A layman’s dictionary for audio engineering and music production.

Amplification
The act of increasing the strength of an audio signal.
Amplitude
The highest and lowest readings in a wave form. These points are the highest and lowest volumes.
Analog
A electronic signal that varies continuously and is not quantized over time. There exists infinite signal levels.
Attack
The initial phase in an audio signal’s cycle that accelerates quickly to hit its maximum level before falling.
Attenuation
The act of reducing the strength of an audio signal.
Compressor
Also known as dynamic range compression (DRC). A device that limits the dynamic range of an audio signal.

There are two types of audio compression that can reduce the dynamic range of a signal:

  1. Upwards compression – increases the volume of sound below a threshold (gain reduction)
  2. Downwards compression – decreases the volume of sound above a certain level (gain increase)

To control the dynamic range, a compressor has these properties:

  • Threshold – The decibel level where the compressor kicks in
  • Ratio – The gain reduction ratio after passing over the threshold
  • Attack – The time it takes for a signal to decrease gain to the Ratio
  • Release – The time it takes for a signal to increase gain to the Ratio
  • Make up – The gain to add back for loss in gain reduction
Decibel
A measure of the loudness/volume of sound.
Delay
Also known as echo. The noise a sound makes as it bounces off a surface repeatedly.
Digital
An electronic signal that is fixed to discrete quantized values over time.
Dry
The original audio signal prior to effects applied to it.
Effect
An operation to modify an audio signal.
Envelope
The characteristic of a sound through four time phases:

  1. Attack
  2. Decay
  3. Sustain
  4. Release

An envelope in a digital audio workstation refers to a configuration parameter that modifies a sound. For example, an envelope can be a parameter to increase or decrease sound, to pan sound, etc.

Frequency

The number of cycles of an audio waveform in a second of time. The faster the frequency, the higher the pitch. The slower the frequency, the lower the pitch.
Gain
The level of strength in an audio signal.
Gate
A device that acts as a gatekeeper of an audio signal. If a signal is below a threshold, it is not allowed to go through – the gate is closed. Only signals that are above the threshold are allowed to pass through (the gate is opened).
Glissando
An interconnected change in pitch from one note to another. Also known as a slide or bend.

Depends on the instrument and its discrete nature in producing notes. For example, a piano produces discrete sound as it involves keys. Notes between keys do not exist as they are fixed. A trombone and violin on the other hand are not discrete in sound as they can produce “in-between” sounds.

Harmonic
One or more whole number multiple frequencies based off a fundamental frequency. For example, if there are three audio waves of 2x, 3x, and 4x multiple of the base fundamental they together as a group are harmonic.
High Pass Filter
Limits a signals level below a certain value.
Limiter
A compressor that has an infinite Ratio. This high ratio effectively takes any signal above the threshold and outputs at the threshold level.
Low Pass Filter
Limits a signals level above a certain value.
Oscillator
An electronic device that creates periodic waves. Typically these audio waves are square, saw, triangle, and sine.

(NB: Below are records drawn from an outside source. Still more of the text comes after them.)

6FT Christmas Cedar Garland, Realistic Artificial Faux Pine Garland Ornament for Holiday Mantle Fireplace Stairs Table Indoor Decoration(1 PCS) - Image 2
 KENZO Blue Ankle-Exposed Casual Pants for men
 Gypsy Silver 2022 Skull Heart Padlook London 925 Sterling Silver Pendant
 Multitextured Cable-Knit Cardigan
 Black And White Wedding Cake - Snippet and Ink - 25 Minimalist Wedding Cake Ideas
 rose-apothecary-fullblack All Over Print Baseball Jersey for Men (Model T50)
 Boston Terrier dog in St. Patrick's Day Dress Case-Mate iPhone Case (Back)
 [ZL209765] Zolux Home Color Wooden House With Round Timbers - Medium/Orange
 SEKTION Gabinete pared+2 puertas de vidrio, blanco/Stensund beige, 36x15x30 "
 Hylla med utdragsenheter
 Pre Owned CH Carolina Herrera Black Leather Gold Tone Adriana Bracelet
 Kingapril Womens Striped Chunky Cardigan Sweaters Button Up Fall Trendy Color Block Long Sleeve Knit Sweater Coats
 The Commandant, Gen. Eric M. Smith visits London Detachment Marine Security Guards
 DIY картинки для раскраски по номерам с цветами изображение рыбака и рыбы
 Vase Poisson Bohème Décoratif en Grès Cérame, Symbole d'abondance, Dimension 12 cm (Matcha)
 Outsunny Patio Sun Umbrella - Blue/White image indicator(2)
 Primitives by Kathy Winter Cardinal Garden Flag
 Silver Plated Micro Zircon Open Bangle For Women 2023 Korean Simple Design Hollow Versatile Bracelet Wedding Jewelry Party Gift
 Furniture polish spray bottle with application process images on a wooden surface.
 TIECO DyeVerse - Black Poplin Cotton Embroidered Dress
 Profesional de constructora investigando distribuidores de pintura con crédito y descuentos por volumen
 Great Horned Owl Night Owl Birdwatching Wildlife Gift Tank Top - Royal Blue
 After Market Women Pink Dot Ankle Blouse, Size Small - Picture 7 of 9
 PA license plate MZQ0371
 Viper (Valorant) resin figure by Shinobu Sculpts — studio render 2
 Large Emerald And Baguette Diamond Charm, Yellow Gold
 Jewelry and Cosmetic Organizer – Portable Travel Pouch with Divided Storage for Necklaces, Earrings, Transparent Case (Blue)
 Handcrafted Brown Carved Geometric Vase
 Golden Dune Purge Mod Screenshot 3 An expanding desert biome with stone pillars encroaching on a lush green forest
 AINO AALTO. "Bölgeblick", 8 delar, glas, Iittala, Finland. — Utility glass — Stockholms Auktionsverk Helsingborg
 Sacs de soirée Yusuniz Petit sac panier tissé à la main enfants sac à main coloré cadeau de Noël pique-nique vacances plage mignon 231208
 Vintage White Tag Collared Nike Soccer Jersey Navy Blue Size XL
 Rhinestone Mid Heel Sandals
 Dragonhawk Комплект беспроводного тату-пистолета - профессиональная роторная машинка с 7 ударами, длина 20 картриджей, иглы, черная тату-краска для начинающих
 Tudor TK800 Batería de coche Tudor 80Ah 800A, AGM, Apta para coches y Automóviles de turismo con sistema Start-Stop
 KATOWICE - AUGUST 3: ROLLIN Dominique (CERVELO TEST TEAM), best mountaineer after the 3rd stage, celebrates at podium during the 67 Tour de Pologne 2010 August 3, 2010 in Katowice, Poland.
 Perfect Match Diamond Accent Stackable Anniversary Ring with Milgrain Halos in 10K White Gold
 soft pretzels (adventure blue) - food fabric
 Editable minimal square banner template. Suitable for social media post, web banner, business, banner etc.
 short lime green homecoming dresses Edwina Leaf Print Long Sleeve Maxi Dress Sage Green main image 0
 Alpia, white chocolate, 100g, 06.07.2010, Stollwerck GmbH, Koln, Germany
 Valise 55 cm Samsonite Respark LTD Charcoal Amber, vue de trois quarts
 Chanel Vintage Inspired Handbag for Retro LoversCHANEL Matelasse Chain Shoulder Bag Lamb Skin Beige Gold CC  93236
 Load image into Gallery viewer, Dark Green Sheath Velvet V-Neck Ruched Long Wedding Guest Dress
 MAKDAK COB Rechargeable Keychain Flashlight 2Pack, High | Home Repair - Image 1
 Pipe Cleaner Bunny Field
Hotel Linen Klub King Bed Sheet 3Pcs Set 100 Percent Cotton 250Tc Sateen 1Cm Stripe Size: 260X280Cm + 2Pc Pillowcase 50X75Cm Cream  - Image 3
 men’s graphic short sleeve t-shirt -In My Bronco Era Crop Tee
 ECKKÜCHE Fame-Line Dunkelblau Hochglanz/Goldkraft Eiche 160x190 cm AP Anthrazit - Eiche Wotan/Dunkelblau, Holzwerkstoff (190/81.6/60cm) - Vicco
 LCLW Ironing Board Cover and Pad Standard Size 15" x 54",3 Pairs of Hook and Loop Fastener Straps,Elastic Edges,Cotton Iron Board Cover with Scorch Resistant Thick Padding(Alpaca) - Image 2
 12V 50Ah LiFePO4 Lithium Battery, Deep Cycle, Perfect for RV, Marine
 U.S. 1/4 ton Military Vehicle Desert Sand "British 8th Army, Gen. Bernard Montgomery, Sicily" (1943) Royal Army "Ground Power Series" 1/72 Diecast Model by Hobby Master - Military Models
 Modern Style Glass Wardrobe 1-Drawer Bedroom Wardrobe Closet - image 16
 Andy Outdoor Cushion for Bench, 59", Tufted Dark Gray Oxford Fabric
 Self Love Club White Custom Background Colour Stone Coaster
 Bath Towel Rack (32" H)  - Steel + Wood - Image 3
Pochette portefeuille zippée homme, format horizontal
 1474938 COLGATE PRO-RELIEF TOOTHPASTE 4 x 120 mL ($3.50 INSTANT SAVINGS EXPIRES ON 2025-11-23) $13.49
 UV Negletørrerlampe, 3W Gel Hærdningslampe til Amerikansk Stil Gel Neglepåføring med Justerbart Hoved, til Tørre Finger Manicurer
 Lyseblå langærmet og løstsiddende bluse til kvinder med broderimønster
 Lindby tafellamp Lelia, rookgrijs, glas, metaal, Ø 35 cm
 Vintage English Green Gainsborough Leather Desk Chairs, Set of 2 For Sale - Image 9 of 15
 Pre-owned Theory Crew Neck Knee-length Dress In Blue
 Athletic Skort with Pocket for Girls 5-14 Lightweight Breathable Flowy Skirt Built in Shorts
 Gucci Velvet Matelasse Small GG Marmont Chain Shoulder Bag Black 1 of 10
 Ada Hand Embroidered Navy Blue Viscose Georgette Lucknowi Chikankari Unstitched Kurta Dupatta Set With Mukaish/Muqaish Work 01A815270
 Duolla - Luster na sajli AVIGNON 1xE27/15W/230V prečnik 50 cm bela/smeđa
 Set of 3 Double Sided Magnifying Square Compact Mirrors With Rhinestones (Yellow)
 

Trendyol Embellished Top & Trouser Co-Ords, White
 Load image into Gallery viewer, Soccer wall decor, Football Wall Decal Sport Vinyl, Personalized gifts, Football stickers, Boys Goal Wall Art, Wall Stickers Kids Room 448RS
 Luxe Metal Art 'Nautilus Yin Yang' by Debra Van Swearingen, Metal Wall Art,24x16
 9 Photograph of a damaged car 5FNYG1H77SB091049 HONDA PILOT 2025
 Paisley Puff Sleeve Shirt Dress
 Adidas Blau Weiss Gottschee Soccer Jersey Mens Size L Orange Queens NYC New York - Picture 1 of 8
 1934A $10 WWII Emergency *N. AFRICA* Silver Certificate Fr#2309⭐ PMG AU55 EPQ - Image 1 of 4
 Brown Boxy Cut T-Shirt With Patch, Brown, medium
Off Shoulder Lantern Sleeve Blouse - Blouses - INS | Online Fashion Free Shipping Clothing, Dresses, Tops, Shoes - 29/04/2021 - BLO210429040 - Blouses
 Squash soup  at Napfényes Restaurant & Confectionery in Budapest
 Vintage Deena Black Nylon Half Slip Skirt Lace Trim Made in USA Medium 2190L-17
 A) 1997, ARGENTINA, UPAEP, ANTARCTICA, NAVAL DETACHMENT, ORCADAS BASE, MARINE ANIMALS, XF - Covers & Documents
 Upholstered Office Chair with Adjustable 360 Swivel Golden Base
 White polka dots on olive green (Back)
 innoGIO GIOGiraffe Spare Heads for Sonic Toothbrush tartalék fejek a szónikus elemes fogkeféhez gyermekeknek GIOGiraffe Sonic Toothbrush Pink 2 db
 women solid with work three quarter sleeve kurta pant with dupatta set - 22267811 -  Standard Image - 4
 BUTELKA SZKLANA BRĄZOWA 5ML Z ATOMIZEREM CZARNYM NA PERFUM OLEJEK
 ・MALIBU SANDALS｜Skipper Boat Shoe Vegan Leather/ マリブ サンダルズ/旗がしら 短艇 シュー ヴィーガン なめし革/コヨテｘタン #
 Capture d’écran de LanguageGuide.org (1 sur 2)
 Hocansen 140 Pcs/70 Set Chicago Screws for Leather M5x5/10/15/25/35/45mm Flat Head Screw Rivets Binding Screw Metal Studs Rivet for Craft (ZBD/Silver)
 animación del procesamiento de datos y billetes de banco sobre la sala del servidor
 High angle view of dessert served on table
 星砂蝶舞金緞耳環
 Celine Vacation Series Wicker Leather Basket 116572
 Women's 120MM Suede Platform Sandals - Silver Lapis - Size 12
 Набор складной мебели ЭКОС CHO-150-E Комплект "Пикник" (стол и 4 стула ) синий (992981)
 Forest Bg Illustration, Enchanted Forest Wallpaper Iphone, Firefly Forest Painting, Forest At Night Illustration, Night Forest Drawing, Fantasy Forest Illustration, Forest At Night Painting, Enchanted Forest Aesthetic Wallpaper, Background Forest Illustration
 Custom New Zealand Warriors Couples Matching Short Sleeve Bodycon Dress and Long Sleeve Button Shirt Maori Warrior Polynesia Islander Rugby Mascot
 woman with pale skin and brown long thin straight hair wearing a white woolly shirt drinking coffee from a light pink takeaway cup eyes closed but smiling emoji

Each audio wave has a different frequency shape and tone.

Portamento
A change in pitch from one note to another. Normally for string instruments and singing.
Release
The final phase of an audio signal’s cycle that results in silence.
Synthesizer
One or more electronic device that generates sound synthetically through electronic signals. A modular synthesizer consists of several modules arranged in a rack with signals being routed through patch cables. In an all in one synthesizer like a keyboard synthesizer, every component is packed into one unit.

Synths can be software or hardware devices. A hardware synth can be digital or analog form.

Threshold
An audio level where the signal will change in gain.
Transpose
To change the pitch of a note.
In a chromatic scale, this is done by changing of semitones.
In a scalar scale, this is done by changing relative to a scale and scale steps.
Unity Gain
That of being the same strength (gain) between the input and output of a signal.